While prejudice and fear underscore most forms of discrimination, ironically, misguided sympathy drives discrimination against disabled persons. This discrimination occurs when, for some unfounded reason, those with disabilities are labeled as having "special" needs that are assumed to be better met at "special" schools. When asking for inclusion, those of us who are disabled are offered pity, and somehow, we are shamed when we turn it down.
Thankfully, with the passage of ADA, legislators managed to see beyond this paradigm. They saw that people with disabilities were struggling to find gainful employment but knew it was because of the limitations projected onto applicants by discriminatory hiring practices. They saw that people with disabilities were unable to enter buildings or use public transit, and knew that it was because of antiquated designs to buildings and buses. They then drafted a bill to right those wrongs, which ultimately brought about meaningful change.
We now live in the "post-ADA world," where few people even notice curb cuts.

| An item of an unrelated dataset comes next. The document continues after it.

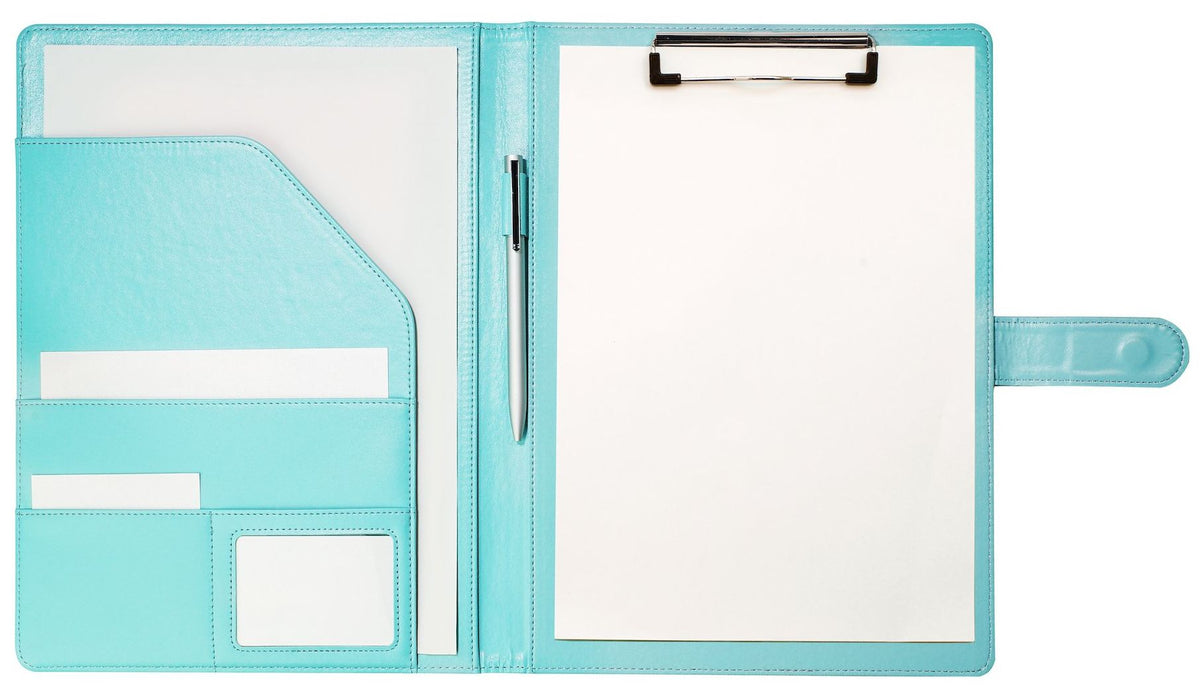 A4 Portfolio Folder with Clipboard 9.84×12.6(Pale Turquoise) – Mymazn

In fact, parents with strollers and travelers with luggage depend on those conveniences. We no longer question if blind children could attend a public school — they can, they should, and they do. And we are seeing the fruits of the ADA when we travel, work, and socialize alongside what is known as the "ADA Generation"— the young people who have come of age since the ADA's passage, who know the world only as a place where discrimination is intolerable.
I live in the post-ADA world, but I am not of the ADA Generation. I grew up in Dubai, where there was nothing available for people with disabilities — no accommodations, and certainly no mainstream access. After years of just getting by, I came to Utah for college. Nineteen years later, I do more than enjoy the benefits of the ADA; I help write them. In 2012, the President appointed me to serve on the Access Board, a federal agency tasked with writing standards applicable to many of the ADA's provisions.
But as society changes, new problems arise for people with disabilities, and warped forms of discrimination persist. I am a father of two young daughters, and I cringe when I hear about other blind parents losing custody solely because someone assumed they were too disabled to parent. Technology has transformed the teaching and learning process, and yet every day, blind students drop out of college solely because the technology that should have made life easier for them was designed without their needs in mind. Although countless legislators have considered bills to counter this discrimination, many of their colleagues have decided not to support the initiatives.
This proves one of the most remarkable things of all, which is that Hatch is part of a dying breed. He and the other authors of the ADA saw a need for change and took it. People with disabilities were a population lost, until the ADA allowed them to be found. We are being lost again, and few legislators are left with the courage to make it right.
It's time for a new generation of lawmakers to learn from the examples of their predecessors and take a stand for disability rights. I thank Hatch for his leadership, and I appreciate the United States for giving me the opportunities so beautifully afforded by the ADA. But there is more we can do to protect the disabled against discrimination. I am unashamed of my blindness. I will walk into the accessible halls of Congress and demand that something done until our legislators act.
Sachin Pavithran is the chairman of the U.S. Access Board and a disability policy analyst at Utah State University.